====== DATA RECORDS ======

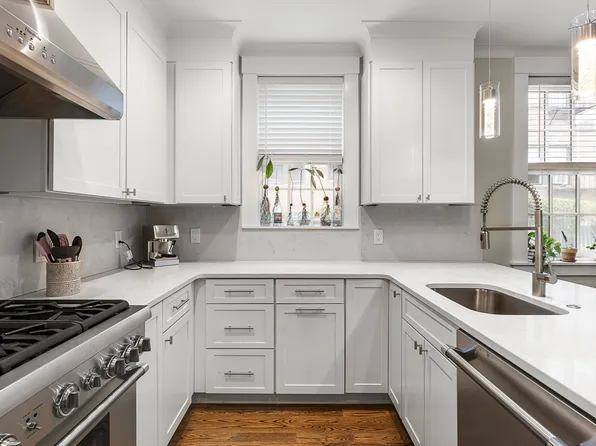 119 Highland Ave #B, Somerville, MA 02143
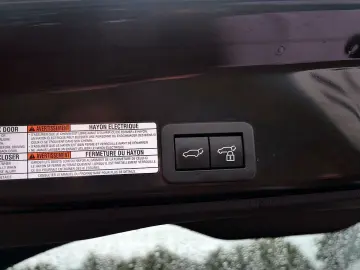 Yaris Cross 360 Grad SHZ KAMERA NAVI PDC ACC LED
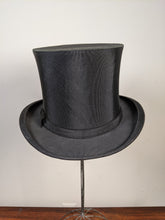 Load image into Gallery viewer, c. 1920s Silk Faille Collapsible Top Hat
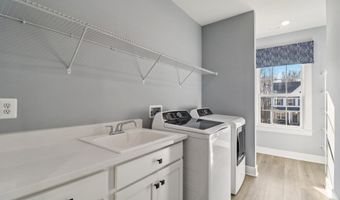 908 MIDBROOK Ln, Bowie, MD 20716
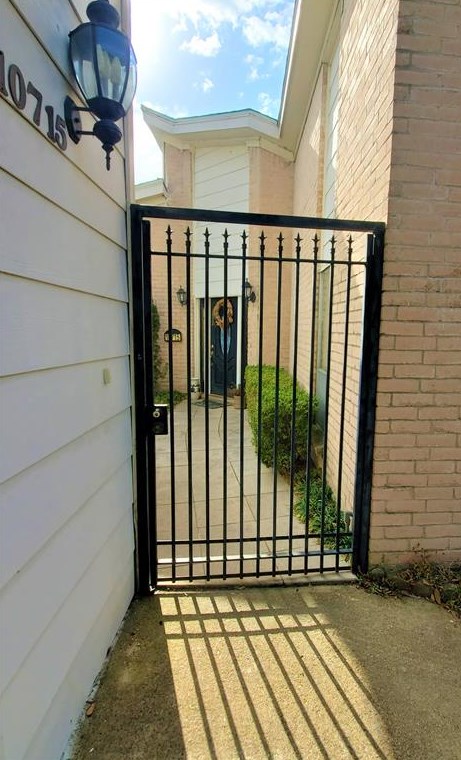 10715 Crestfield Ct, Houston TX 77070-3914 exterior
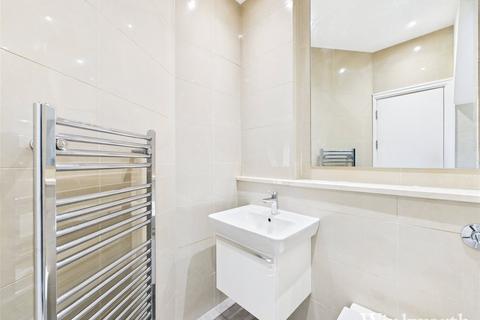Studio to rent, Uxbridge Road, London, W3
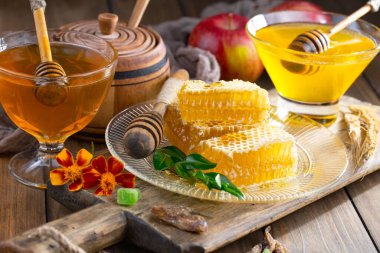 Arı balı kavanozda, çiçekli, eski arka planda..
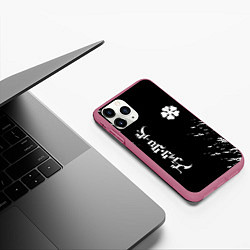 Чехол iPhone 11 Pro матовый Черный клевер, цвет: 3D-малиновый — фото 2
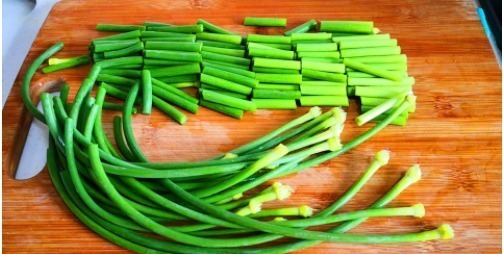 炒蒜苔时,最好不要直接下锅炒,饭店都这样做,蒜苔香脆更入味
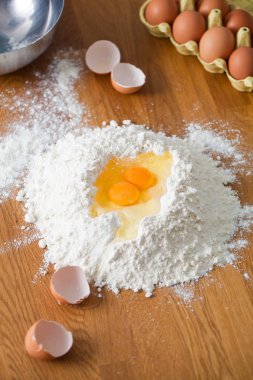 Beyaz ahşap masa üzerinde hamur için malzemeler. Yakın çekim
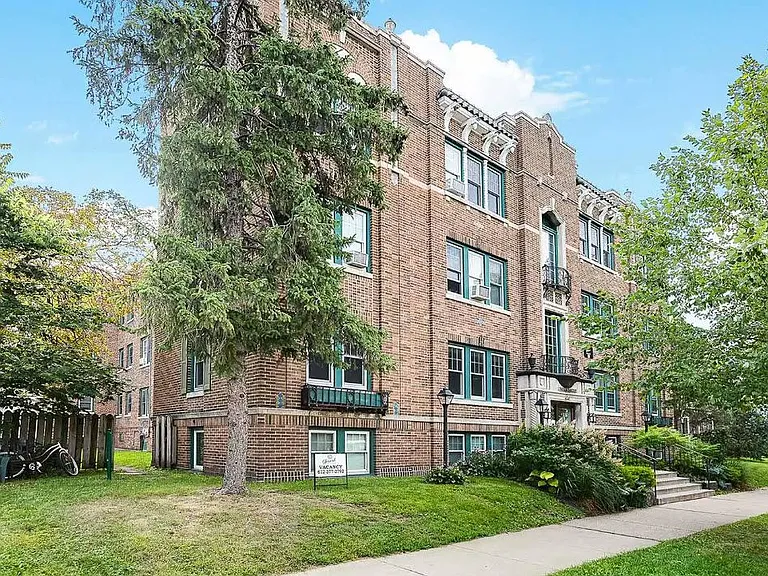 Yorkshire Apartments — Photo 2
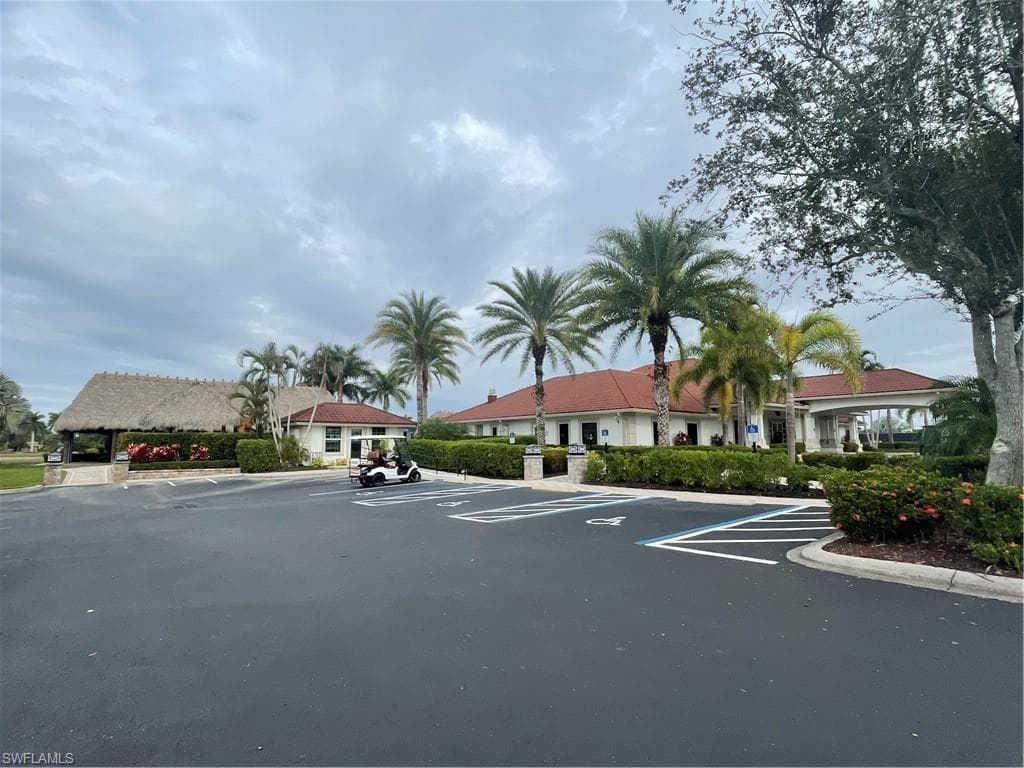 4662 Southern Breeze DR-28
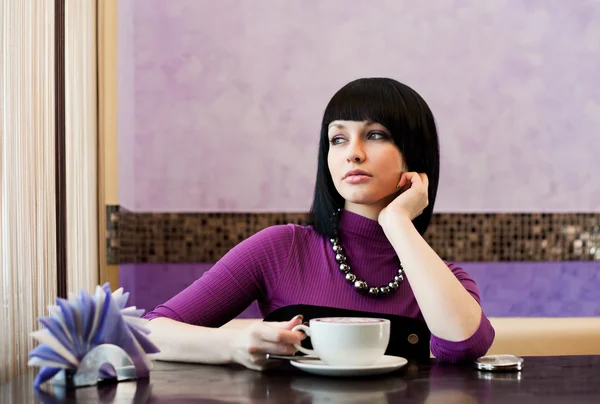 Chica en la cafetería — Foto de Stock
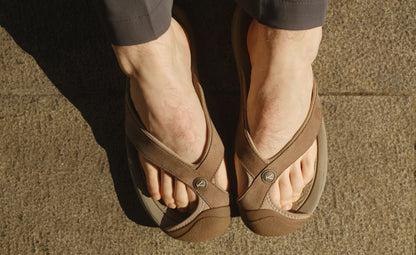 Men's Waimea Leather Flip-Flop Destination Pack - Keen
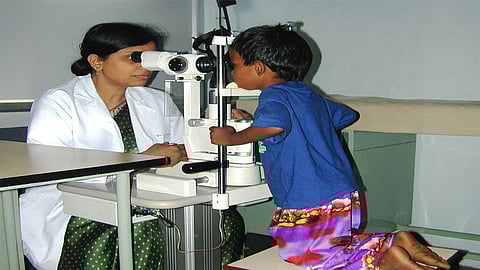 உலகின் சிறந்த கண் மருத்துவர்கள் பட்டியலில்...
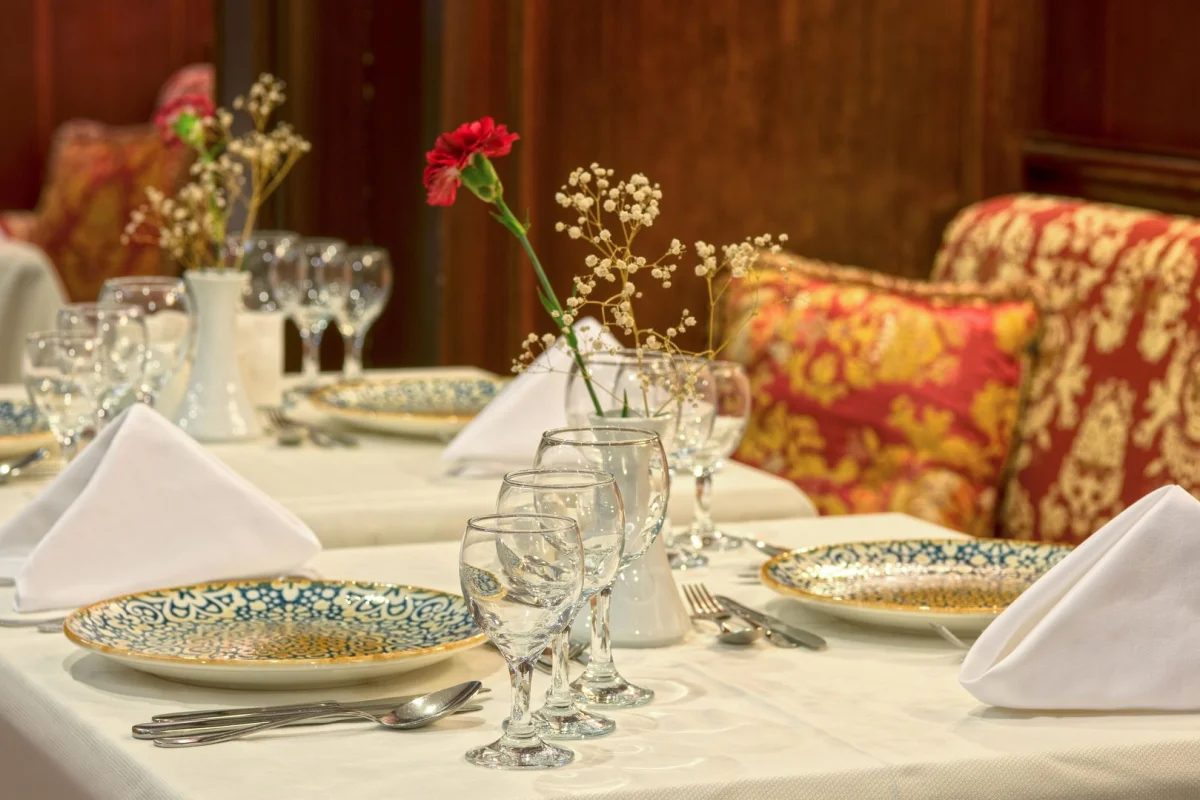Antique Roman Palace Museum Hotel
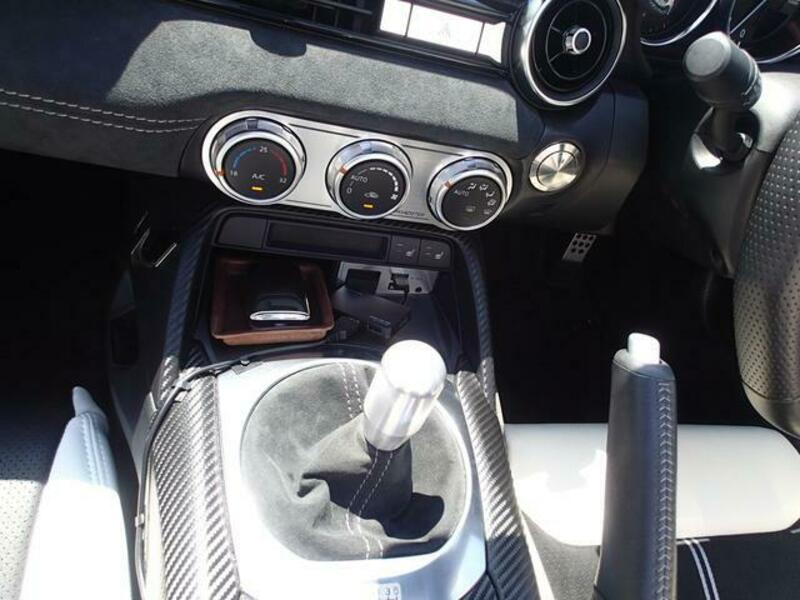 ROADSTER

======

- [WORK TO COMPLETE]: Word for word, set down the lines from the line with "4662 Southern Breeze DR-28" through the last line of the entries, and nothing else; the pictures stay out.

- [ANSWER TO THE EXERCISE]:
 4662 Southern Breeze DR-28
 Chica en la cafetería — Foto de Stock
 Men's Waimea Leather Flip-Flop Destination Pack - Keen
 உலகின் சிறந்த கண் மருத்துவர்கள் பட்டியலில்...
Antique Roman Palace Museum Hotel
 ROADSTER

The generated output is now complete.